RAFAEL GABALDON
MANACOR.- Las
excavaciones que desde hace un mes se
realizan en Manacor, tras la fortuita
aparición de huesos humanos de principios
del siglo XX durante una siembra de árboles
en los aledaños de la Iglesia dels Dolors,
parecen confirmar que la iglesia parroquial
descansa sobre los restos de una antigua
mezquita datada entre los siglos X hasta el
XIII. Los restos de cerámicas de esta época
rescatados conforme se ha profundizado la
cota de extracción así lo demuestran.
Inicialmente la arqueóloga
municipal, Magdalena Salas, supuso que los
restos procedían del cementerio de
principios de siglo, que tuvo su ubicación
en dicha zona. Sospechas que se
corroboraron cuando a dos metros de
profundidad se encontraron piezas de la
época cristiana medieval -objetos de
hierro, cerámicas cristianas, vidrios,
collares y rosarios- que datan de los
siglos XIV y XV. Con estos elementos los
expertos afirman que podrán documentar
desde su esperanza media de vida, su dieta
o cómo se les enterraba.
Sin embargo,
el gran hallazgo aguardaba medio metro más
abajo.

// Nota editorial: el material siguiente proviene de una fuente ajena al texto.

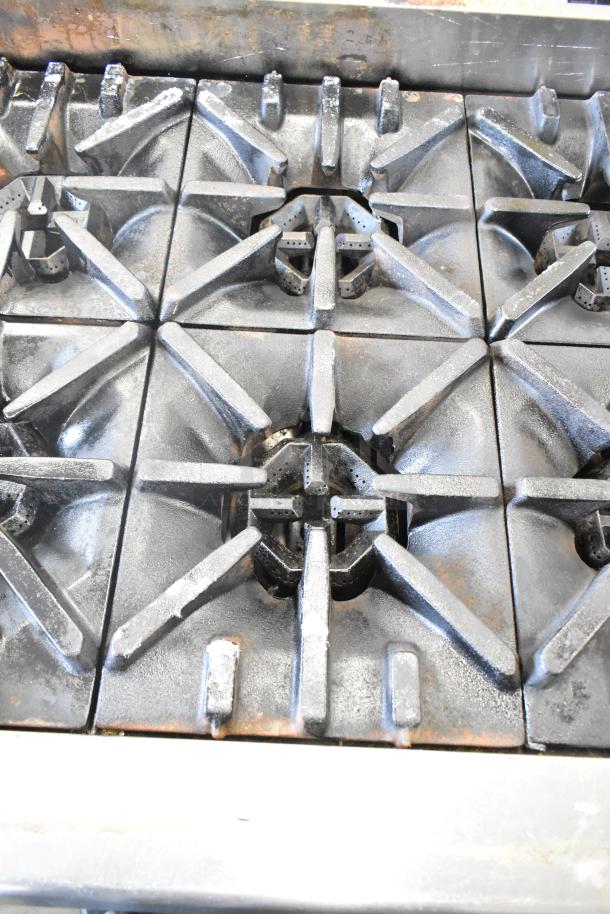 US Range commercial countertop gas-powered 8 burner range; cast iron grates; used condition with visible wear.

Revuelto con otros restos,
aparecieron piezas de cerámica islámica que
podían confirmar la existencia de una
mezquita próxima a la céntrica Torre del
Palau. Además, existe documentación escrita
recopilada celosamente por el estudioso
local Alfonso Puerto que atestigua en esta
zona un asentimiento musulmán de 500
vecinos.
Según declaraciones de la
arqueóloga municipal al semanario local de
Manacor Cent per cent: «la aparición
de cerámica islámica en el centro de
Manacor al lado de la iglesia y la Torre
del Palau nos permitirá documentar
científicamente la existencia de una
mezquita durante la dominación
musulmana».
Cabe recordar que cuando
se comenzó la construcción de la Iglesia
dels Dolors, a finales del siglo XIX, se
encontró, según los escritos de la época,
una lápida de la etapa musulmana, de ahí
que las excavaciones arqueológicas sigan su
curso y que el alcalde Antoni Pastor haya
autorizado su continuidad.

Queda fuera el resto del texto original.